Most importantly, up until the age of nine, when you die you much preferred an elevator to heaven than a descent into a bed of mud and maggots with a tombstone as a headboard.
And then Rachel died.
It was a senseless and pointless death.
There was no God.
My mind was closed on the matter.
It’s taken me over 30-years for it to open again, to allow my religious schema to be picked apart, poked and prodded. The old framework is being burned, the embers are flashing into the air like flirtatious and fornicating fireflies. The door to my mind is open. It feels good.
My history with alcohol is similar.
When it comes to drinking alcohol people believe they are making a choice. I don’t believe it’s that simple. I believe the choice is heavily biased towards taking that pint glass and licking your sins away. That’s not a choice. Neither was the way I found God, lost him, and then started to wonder if I could find him again?
The mind is a mysterious thing.
Napoleon Hill once said: “Whatever the mind can conceive and believe, it can achieve.”
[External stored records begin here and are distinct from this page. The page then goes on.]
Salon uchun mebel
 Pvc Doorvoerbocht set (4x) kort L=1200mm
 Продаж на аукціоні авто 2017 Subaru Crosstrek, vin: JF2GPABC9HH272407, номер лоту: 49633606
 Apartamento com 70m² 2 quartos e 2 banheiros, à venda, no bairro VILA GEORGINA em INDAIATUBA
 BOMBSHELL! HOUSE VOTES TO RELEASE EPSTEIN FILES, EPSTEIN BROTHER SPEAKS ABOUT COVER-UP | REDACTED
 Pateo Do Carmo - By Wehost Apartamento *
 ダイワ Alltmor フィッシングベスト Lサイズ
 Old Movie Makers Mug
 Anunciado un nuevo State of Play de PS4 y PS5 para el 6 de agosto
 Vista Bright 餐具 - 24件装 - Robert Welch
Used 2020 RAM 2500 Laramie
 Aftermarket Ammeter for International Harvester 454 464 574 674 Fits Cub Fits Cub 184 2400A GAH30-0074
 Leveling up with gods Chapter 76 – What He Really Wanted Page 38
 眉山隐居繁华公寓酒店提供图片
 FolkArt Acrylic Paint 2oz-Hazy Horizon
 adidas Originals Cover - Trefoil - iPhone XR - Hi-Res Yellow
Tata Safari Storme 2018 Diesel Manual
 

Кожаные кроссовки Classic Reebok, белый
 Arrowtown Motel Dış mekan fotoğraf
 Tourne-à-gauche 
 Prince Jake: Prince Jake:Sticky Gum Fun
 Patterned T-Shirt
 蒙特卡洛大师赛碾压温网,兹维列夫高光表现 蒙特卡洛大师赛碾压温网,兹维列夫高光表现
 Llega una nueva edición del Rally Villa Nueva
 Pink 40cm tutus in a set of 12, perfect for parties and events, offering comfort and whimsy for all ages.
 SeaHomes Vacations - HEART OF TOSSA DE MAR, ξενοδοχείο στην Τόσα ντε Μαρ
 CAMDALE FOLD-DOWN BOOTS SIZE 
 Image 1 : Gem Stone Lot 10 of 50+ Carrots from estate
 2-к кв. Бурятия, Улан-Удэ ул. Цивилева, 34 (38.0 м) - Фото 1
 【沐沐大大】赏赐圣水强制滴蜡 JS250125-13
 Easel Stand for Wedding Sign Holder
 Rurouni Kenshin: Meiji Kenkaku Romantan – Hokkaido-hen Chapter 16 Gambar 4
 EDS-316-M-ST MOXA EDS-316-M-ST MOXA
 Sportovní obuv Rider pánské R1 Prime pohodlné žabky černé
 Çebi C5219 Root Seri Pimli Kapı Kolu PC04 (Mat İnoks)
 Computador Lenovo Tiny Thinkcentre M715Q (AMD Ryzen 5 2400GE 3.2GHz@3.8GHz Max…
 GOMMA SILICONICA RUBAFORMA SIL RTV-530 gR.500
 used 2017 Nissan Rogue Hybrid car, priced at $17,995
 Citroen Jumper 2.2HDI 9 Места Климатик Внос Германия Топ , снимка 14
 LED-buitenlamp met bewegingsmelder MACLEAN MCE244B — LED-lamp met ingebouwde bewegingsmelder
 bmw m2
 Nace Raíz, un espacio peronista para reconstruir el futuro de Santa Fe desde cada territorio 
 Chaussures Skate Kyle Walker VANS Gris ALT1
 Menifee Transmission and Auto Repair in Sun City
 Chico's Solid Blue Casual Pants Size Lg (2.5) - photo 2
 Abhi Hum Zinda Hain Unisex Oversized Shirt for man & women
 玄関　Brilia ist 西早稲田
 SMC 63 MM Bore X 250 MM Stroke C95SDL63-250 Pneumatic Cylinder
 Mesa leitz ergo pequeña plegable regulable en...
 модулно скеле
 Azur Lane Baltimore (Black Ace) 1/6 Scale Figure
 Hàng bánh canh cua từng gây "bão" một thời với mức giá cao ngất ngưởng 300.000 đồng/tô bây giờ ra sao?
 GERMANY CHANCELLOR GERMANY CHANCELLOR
I am here to help you conceive and achieve.
You have to believe.
I believed in God because it fitted the schema that was presented to me as a child. My parents didn’t push God into my brain, but my school did. I was at school more than I was at home. My teachers told me that God was real so he was real. I was programmed to believe in God.
Was that a choice?
I believed that alcohol offered me benefits because I was bombarded with images, words and sensations that told me that was the case. This began from the moment I was born. Not only was I subjected to a barrage of advertising, but also the main mentors in my life supported this theory. Parents, Grandparents, teachers, Santa Claus – they all loved to get pissed up. I was programmed to believe that alcohol was good.
Was that a choice?
Once you accept things, as is, you close your mind and move on. Our mind is an energy saving device. It’s easier to adopt the status quo than go searching for some other answer.
The closed mind is a poisoned mind. It’s hot and stuffy. You cannot breathe. The world smiles upon you for your choice. You are all crunched together like ribs in a 1800s corset. Birds of a feather flock together and you are a pack of vultures living off the smiles of the open-minded folk. Snap. Snap. Snap.
Open your mind.
Be prepared to be the white-faced man standing in a street full of soot. Be different. Bring a touch of marvel to your life. When you open your mind your schemas can be changed. A new map of the world begins to unfurl before you. It’s a world that has never before been explored. We were born to explore.
It’s not easy.
It’s like trimming your bush with a musty shard of glass as your aid.
One snip and it’s…gone.
I learned to open my mind by reading. It expanded by listening to the views of people I respected. This was another schema brought into play, this time for good use. It went a little something like this:
This person is smarter than me because he or she wrote a book therefore I will give what they say some weighty consideration.
I started to believe in the power of prayer after Dr. Larry Dossey revealed scientific evidence that it made a difference to the lives of plants in his book Healing Words; I started to believe that my back pain was caused by my divorce after John Sarno introduced me to TMS in his book Healing Back Pain, and I believed that alcohol offered me zero benefits when Allen Carr asked me to take a leap of faith after reading the Easyway to Control Alcohol.
In each case they asked me to open my mind. I did. I am glad I did. I want you to be glad you did as well.
Podcasts are another great way to open your mind. My three current favorites are from James Altucher, Tim Ferriss and Dave Asprey. All three interview top thinkers from throughout the world who all have open minds.
Here is a little secret.
Nobody achieves anything with a closed mind.
Loosen the straight jacket.
We are conditioned creatures. We expect things to be a certain way. We expect things to happen in a certain sequence. When it doesn’t, it fucks up our qi.
We didn’t even create most of our beliefs and values. We inherited them when we still believed babies were delivered by storks, Santa managed to get around the entire world in one night and a fairy would take our rotten teeth and leave money.
People fail because they don’t believe they can do it. They don’t believe they can do it because they have a closed mind. If you want to quit drinking, and learn from me as to how to do that, then you need an open mind. It’s one of the critical components in this machine.
Now grab your pom-poms.
Write the words ‘Open Mind” on them and start jumping up and down.